On a motion to dismiss under Rule 12(b)(6), the Court must accept as true all factual allegations in the complaint and draw all reasonable inferences in the plaintiffs' favor. ATSI Commc'ns, Inc. v. Shaar Fund, Ltd., 493 F.3d 87, 98 (2d Cir. 2007). Nonetheless, "[f]actual allegations must be enough to raise a right of relief above the speculative level, on the assumption that all the allegations in the complaint are true." Bell Atl. Corp. v. Twombly, 550 U.S. 544, 555 (2007) (citation omitted). Ultimately, plaintiffs must allege "enough facts to state a claim to relief that is plausible on its face." Id. at 570. If plaintiffs "have not nudged their claims across the line from conceivable to plausible, their complaint must be dismissed." Id. In considering the motion, the Court may also consider documents attached to the complaint as exhibits and documents incorporated by reference in the complaint. Halebian v. Berv, 644 F.3d 122, 130 n.7 (2d Cir. 2011); Chapman v.
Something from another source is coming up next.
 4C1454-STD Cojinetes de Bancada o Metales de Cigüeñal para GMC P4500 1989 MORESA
N.Y. State Div. for Youth, 546 F.3d 230, 234 (2d Cir. 2008).

II. Arbitral Immunity

A commercial organization sponsoring an arbitration is "entitled to immunity for all functions that are integrally related to the arbitral process." Austern v. Chicago Bd. Options Exch., Inc., 898 F.2d 882, 886 (2d Cir. 1990). As with judicial and quasi-judicial immunity, arbitral immunity is essential to protect decision-makers and organizations that sponsor arbitrators from undue influence and to protect the decision-making process from reprisals by dissatisfied litigants. New England Cleaning Servs., Inc. v. Am. Arbitration Ass'n, 199 F.3d 542, 545 (1st Cir. 1999). Extension of the policy to sponsoring organizations is also intended to avoid discouraging such organizations from conducting future arbitrations. See id. at 546.
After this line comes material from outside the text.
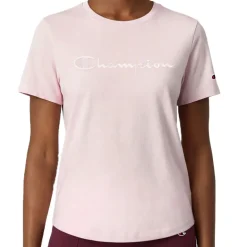 T-Shirt donna Logo Script Icons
"A sponsoring organization's immunity extends to the administrative tasks it performs, insofar as these are integrally related to the arbitration." Id. at 545; see also id. (selecting arbitrator, billing for services, and scheduling hearing "sufficiently related to the arbitration to be protected by immunity"); Austern, 898 F.2d at 886 (alleged defective notice of hearing and improper selection of panel sufficiently associated with adjudicative phase of arbitration so as to justify immunity). Immunity applies even if the organization has violated its own rules. See Olson v. Nat'l Ass'n of Sec. Dealers, 85 F.3d 381, 383 (8th Cir. 1996).
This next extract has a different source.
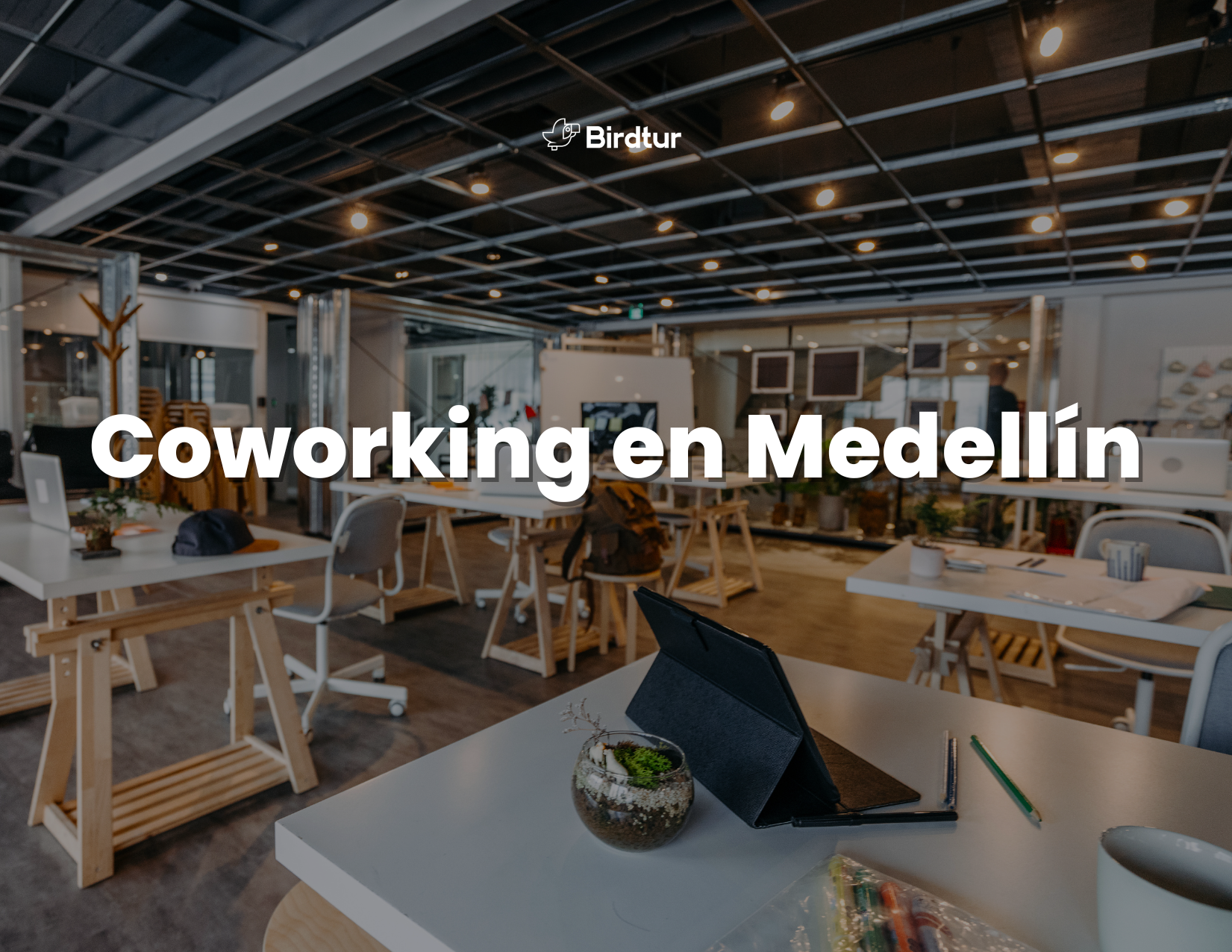 Coworking en Medellín: espacios ideales para trabajar, conectar y crecer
Similarly, AAA Rule R-52(d) provides that "[p]arties to an arbitration under these rules shall be deemed to have consented that neither the AAA nor any arbitrator shall be liable to any party in any action for damages or injunctive relief for any act or omission in connection with any arbitration under these rules." AAA Rule R-52(d), Am. Compl., Ex. 1 at 29. Where parties have agreed to be bound by the rules of an arbitral organization, courts have enforced similar rules to bar claims against arbitrators and sponsoring organizations. See Landmark Ventures, Inc. v. Cohen, No. 13 Civ. 9044 (JGK), 2014 WL 6784397, at *3 (S.D.N.Y. Nov. 26, 2014) (parties' contract provided that parties agreed to be bound by ICC Rules; court enforced ICC Rule providing arbitrator and ICC immunity from suit); Kuruwa v. Am. Arbitration Ass'n, No. 13 Civ. 2419 (PKC), 2013 WL 2433068, at *1 (S.D.N.Y. June 3, 2013) (policy provided for AAA arbitration; AAA Rule barred claim for injunctive relief against AAA and arbitrator); Richardson v. Am. Arbitration Ass'n, 888 F. Supp. 604, 605 (S.D.N.Y. 1995) (collective bargaining agreement provided for arbitration under AAA Rules; AAA Rule barred plaintiff's claim).

III. Application

AAA contends that arbitral immunity requires dismissal of the Amended Complaint. Plaintiffs respond that this action presents an "issue of first impression, namely whether the doctrine of arbitral immunity should be applied to conduct occurring after issuance of an arbitral award." Plaintiffs' Opposition to Motion to Dismiss ("Pl. Mem.") at 1. Plaintiffs argue that when the award was issued, the arbitrator and AAA were stripped of authority under the common law principle of functus officio, meaning "task performed" in Latin. Because AAA allegedly wrongfully assessed a fee against the Henry Parties after the award, plaintiffs claim that they are only challenging AAA's conduct following completion of the adjudicative process and after AAA lost jurisdiction, and thus that immunity should not apply.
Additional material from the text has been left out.